Take the entries below and reproduce exactly the portion that begins at the line containing "Simple ceramic vase" and ends at the line containing "Lisa Hahnbueck wearing", keeping both ends, dropping pictures, and adding nothing else.

* Data for this task:

***

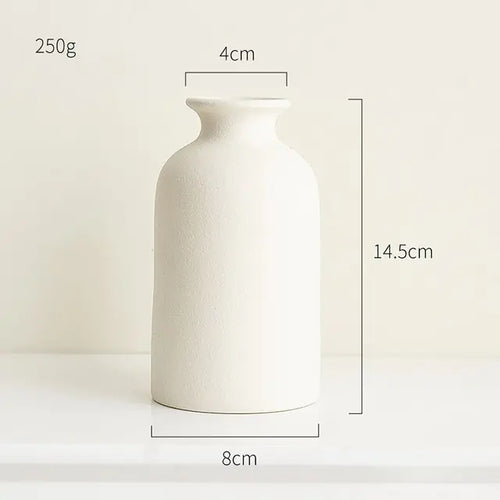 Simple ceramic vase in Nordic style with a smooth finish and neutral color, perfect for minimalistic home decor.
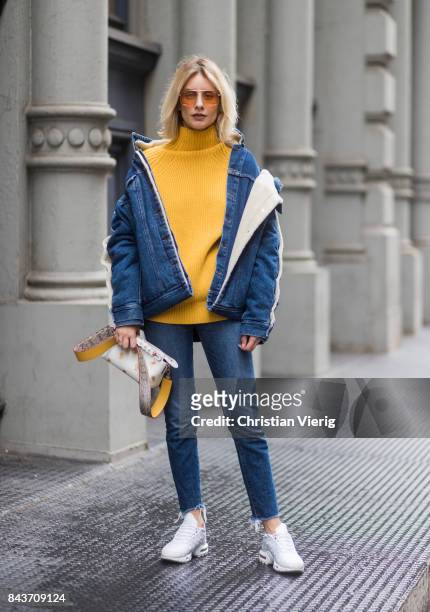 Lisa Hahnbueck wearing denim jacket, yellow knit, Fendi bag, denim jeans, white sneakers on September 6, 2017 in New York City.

***

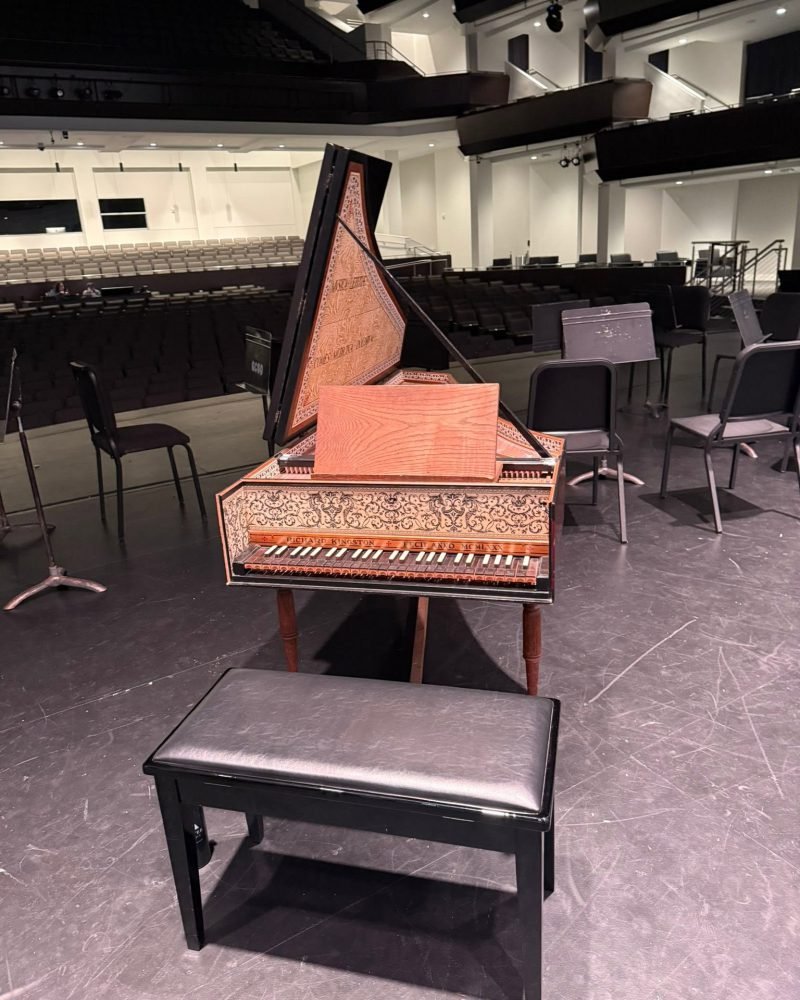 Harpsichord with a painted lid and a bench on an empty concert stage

***

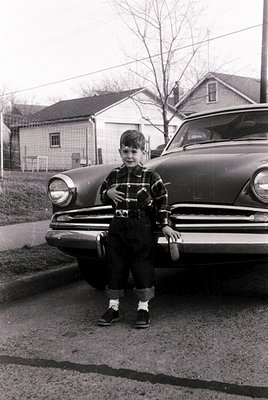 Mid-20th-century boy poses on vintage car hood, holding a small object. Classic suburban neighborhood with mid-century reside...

***

* Output for this exercise:
 Simple ceramic vase in Nordic style with a smooth finish and neutral color, perfect for minimalistic home decor.
 Lisa Hahnbueck wearing denim jacket, yellow knit, Fendi bag, denim jeans, white sneakers on September 6, 2017 in New York City.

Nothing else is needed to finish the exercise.